L’ÉCHINE DU DIABLE
Critique du film
L’Echine du diable est un projet que Guillermo del Toro portait en lui depuis longtemps, bien avant son premier film Cronos, et vers lequel il va se réfugier après les déboires de sa première production hollywoodienne, Mimic. C’est en Espagne, auprès des frères Almodóvar, que le réalisateur mexicain trouve des producteurs attentifs pour faire le film dont il rêve et qui deviendra l’une des œuvres majeures de sa filmographie, petit frère du Labyrinthe de Pan, avec lequel il forme un diptyque sur l’enfance et la guerre d’Espagne.
Restauré en 2K, c’est un immense plaisir de revoir L’Echine du diable dans une copie aussi belle, qui rend grâce au travail de Guillermo Navarro, dont la photographie est une réelle splendeur. Les couleurs des séquences de jour, dominées par le jaune, renvoient toute la chaleur pesante du soleil du désert. Les scènes de nuit brillent de leurs contrastes et de leurs nuances d’obscurité. Le grain de la pellicule 35 mm est parfaitement respecté conservant la texture vivante de l’image qui sied parfaitement à l’ambiance du film. Cette restauration permet une véritable redécouverte de l’œuvre tant la réussite du film passe, au moins en partie, par son empreinte visuelle.

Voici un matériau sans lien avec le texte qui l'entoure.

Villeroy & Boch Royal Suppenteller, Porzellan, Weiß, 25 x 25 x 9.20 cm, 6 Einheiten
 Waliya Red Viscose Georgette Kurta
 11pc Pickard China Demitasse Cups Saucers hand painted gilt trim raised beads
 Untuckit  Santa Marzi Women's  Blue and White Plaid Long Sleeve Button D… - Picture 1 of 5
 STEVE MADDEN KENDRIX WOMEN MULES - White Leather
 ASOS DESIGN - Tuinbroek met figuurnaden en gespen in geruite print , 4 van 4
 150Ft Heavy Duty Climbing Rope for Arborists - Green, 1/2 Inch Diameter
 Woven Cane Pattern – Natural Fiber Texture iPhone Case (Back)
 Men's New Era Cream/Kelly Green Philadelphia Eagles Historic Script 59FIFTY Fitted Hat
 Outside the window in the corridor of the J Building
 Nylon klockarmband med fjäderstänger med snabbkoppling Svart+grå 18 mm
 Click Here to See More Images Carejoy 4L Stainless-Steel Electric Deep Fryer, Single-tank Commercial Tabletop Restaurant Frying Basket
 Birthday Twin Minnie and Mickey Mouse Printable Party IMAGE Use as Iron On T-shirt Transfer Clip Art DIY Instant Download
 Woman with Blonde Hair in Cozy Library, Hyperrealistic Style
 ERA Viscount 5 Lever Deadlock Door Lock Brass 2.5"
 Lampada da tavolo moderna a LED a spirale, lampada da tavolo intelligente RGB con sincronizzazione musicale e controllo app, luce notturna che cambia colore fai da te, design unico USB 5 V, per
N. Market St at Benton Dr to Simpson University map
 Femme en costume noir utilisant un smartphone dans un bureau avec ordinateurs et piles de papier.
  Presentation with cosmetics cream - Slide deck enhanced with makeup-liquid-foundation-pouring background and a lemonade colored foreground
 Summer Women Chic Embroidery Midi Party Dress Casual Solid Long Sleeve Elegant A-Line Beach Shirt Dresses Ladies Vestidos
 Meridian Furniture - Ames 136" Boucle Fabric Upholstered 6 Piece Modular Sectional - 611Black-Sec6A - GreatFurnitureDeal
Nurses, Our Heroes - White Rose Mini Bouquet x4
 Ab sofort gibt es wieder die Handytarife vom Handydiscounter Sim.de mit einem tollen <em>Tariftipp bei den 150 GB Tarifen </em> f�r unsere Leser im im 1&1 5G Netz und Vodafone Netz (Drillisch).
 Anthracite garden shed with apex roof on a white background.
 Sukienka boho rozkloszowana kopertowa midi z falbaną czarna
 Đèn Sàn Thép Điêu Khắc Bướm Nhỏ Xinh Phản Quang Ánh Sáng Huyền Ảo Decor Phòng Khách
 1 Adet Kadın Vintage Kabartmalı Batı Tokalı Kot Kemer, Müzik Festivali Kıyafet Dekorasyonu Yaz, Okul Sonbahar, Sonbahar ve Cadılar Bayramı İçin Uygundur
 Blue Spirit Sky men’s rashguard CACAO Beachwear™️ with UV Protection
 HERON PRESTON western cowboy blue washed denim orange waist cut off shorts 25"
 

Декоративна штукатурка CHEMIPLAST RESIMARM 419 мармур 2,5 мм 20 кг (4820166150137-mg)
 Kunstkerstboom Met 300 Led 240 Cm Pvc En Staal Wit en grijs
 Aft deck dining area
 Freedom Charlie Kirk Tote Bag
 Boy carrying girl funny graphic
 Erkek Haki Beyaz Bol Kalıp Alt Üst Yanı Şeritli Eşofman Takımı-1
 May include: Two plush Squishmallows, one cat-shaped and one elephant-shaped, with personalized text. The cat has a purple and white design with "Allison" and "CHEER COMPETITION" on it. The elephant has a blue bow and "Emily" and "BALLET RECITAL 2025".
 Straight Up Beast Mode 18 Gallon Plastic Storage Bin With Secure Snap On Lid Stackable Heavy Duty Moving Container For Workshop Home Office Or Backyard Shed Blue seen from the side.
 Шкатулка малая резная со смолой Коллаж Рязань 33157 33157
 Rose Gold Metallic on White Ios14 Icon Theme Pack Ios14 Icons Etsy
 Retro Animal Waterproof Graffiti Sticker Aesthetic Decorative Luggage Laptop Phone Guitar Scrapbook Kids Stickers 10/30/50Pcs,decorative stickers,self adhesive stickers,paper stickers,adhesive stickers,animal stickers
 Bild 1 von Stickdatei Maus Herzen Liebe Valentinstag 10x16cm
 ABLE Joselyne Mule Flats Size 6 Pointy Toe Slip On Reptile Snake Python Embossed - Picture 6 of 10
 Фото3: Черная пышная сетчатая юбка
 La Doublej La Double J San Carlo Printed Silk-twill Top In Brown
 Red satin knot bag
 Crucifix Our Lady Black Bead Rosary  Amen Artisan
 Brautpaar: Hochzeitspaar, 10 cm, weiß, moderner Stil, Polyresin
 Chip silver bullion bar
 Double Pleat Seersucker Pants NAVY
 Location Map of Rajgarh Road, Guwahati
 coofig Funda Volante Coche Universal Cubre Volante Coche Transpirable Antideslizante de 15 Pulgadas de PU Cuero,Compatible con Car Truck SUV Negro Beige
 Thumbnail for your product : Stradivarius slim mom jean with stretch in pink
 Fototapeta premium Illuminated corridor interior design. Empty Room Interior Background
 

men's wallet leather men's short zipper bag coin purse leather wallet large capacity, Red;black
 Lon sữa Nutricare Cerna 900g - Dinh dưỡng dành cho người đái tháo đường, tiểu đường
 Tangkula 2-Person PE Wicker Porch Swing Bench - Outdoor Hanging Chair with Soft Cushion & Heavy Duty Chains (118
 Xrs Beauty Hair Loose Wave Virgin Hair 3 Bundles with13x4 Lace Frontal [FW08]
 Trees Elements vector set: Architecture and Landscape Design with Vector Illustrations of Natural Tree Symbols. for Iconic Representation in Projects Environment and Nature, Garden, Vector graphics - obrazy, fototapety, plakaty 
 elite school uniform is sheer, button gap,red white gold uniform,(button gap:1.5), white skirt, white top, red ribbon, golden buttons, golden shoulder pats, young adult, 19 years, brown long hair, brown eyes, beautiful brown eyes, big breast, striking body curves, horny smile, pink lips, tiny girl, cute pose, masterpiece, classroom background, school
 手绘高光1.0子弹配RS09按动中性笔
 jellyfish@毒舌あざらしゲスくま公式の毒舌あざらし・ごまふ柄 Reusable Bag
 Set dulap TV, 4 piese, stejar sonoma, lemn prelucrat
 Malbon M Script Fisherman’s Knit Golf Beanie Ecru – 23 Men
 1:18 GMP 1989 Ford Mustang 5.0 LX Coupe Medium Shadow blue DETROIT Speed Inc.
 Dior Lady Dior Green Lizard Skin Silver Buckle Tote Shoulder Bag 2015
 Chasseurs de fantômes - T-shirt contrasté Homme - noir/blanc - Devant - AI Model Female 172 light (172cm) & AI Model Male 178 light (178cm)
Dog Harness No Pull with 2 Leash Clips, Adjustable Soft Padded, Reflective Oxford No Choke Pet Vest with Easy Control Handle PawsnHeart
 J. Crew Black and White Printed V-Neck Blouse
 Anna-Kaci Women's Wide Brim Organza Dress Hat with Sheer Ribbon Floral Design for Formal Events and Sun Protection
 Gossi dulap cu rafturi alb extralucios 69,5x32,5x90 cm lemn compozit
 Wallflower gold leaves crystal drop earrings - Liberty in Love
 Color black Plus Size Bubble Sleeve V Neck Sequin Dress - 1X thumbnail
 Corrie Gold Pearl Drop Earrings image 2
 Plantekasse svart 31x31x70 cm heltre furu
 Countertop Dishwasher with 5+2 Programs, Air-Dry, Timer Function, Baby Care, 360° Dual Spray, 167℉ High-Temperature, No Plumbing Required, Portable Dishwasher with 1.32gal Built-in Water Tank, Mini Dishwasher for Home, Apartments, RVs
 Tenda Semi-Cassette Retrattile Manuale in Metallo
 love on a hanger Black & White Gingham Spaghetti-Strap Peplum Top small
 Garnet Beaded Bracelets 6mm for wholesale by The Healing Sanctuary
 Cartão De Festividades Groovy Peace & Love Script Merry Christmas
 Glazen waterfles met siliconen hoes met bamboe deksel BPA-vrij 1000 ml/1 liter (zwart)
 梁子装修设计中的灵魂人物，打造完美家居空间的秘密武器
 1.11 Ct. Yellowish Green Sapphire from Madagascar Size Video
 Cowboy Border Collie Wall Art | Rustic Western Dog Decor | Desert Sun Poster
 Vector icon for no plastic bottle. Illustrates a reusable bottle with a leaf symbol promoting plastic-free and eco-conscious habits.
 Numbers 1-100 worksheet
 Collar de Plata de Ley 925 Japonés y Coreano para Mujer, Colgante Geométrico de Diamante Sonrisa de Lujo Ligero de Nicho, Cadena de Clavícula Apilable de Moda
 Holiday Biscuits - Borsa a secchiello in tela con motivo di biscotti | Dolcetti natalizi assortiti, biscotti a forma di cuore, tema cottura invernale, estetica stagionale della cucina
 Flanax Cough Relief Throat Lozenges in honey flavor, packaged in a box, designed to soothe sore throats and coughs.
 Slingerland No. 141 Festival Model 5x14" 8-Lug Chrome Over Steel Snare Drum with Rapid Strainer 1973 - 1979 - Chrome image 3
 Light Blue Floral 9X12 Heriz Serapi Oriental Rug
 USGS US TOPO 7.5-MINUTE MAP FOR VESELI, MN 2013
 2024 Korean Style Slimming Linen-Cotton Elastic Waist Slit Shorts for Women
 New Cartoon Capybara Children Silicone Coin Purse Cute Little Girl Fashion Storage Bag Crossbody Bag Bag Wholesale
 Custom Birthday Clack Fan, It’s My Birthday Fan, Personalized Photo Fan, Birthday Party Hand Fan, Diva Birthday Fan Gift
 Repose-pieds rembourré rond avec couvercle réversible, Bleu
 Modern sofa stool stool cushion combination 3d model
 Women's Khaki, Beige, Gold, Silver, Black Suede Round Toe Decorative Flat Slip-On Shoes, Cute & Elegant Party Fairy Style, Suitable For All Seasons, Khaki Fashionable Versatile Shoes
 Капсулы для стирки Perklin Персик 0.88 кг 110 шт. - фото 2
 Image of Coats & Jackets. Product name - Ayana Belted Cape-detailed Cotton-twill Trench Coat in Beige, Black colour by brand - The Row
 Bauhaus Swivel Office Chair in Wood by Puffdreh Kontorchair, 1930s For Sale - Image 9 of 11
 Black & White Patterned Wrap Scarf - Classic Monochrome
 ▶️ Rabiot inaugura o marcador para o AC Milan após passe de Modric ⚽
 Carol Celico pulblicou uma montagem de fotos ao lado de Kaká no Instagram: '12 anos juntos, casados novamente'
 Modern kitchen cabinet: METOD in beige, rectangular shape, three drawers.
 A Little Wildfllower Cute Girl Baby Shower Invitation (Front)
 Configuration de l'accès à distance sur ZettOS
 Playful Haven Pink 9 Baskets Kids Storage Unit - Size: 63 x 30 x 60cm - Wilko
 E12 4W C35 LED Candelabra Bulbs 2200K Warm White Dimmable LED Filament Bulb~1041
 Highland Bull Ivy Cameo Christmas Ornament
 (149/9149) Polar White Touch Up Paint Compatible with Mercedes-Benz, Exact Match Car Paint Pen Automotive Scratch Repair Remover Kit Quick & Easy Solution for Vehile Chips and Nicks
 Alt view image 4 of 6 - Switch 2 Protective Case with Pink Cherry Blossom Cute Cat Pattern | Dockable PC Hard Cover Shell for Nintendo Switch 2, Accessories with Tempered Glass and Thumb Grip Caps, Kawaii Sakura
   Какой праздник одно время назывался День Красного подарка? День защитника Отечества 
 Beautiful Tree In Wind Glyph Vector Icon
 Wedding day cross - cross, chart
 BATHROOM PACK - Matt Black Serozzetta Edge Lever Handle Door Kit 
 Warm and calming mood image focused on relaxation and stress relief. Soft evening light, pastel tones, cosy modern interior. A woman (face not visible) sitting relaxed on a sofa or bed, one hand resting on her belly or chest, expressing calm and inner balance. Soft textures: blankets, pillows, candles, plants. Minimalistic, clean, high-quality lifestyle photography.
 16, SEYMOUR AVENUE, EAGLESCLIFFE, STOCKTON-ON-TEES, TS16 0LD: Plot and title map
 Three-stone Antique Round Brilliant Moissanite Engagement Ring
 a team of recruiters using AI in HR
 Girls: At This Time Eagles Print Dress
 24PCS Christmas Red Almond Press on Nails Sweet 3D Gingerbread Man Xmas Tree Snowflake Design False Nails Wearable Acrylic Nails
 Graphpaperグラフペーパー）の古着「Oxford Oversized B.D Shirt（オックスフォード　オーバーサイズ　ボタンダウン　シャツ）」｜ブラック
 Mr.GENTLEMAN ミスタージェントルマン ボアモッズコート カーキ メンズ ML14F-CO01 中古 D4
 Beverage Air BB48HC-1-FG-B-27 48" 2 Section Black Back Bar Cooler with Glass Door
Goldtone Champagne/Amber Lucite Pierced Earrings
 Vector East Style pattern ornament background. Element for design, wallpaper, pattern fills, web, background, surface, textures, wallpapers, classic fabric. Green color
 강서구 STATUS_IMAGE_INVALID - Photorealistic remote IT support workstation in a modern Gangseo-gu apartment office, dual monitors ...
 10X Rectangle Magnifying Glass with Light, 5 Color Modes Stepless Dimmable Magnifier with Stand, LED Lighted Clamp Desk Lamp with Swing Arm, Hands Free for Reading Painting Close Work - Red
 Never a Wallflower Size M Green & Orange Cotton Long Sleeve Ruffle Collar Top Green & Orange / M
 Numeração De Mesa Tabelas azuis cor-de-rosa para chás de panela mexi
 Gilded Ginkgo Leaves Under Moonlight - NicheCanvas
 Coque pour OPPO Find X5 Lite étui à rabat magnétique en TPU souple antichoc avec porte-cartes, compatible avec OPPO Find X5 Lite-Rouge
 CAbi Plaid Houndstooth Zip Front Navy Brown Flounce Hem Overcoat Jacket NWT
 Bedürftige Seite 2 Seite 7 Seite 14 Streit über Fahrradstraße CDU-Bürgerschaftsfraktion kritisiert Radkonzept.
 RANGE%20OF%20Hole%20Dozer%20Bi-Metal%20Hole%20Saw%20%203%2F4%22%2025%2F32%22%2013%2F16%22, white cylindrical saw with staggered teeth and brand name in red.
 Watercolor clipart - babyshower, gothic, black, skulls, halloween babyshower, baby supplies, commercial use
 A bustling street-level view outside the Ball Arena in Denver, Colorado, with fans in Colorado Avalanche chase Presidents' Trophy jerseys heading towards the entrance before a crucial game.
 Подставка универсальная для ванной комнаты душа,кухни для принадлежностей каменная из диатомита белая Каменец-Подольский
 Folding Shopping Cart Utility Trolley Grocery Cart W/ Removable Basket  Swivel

Mais il serait injuste de ne réduire L’Echine du diable qu’à sa photographie, le film étant par ailleurs un fantastique conte horrifique. Il prend place dans un orphelinat dirigé par des républicains et qui recueille des enfants dont les parents sont pour beaucoup morts ou en train de combattre pour leur pays. Si l’établissement est isolé et semble protégé de la guerre, elle n’est cependant pas loin et menace à chaque instant, à l’image de cette bombe au milieu de la cour, que l’on dit désamorcée mais qui reste inquiétante.
Au début du film, ce sont les peurs enfantines qui dominent chez les jeunes pensionnaires, celles de l’indicible, de la nuit et de ses murmures, personnifiées dans le fantôme qui hante cet orphelinat et magnifiquement représentées lors de la première séquence nocturne. Pour autant la violence de cette scène va au final survenir d’un homme bien réel, archétype des grands méchants de Guillermo del Toro, un monstre humain bien plus terrifiant que le bestiaire de l’univers fantastique.
Car c’est bien le monde tangible qui va progressivement nourrir la peur des enfants. L’Echine du diable, c’est un récit sur la perte de l’innocence, sur la guerre qui fait grandir trop vite les enfants. Les fantômes, au départ craints, vont devenir des alliés précieux pour les jeunes protagonistes face à la violence du monde réel. Ainsi, ces adultes en devenir vont tirer leur force de ceux qui sont morts pour les défendre, pour honorer leur mémoire, continuer à se battre et aider à recouvrer leur liberté.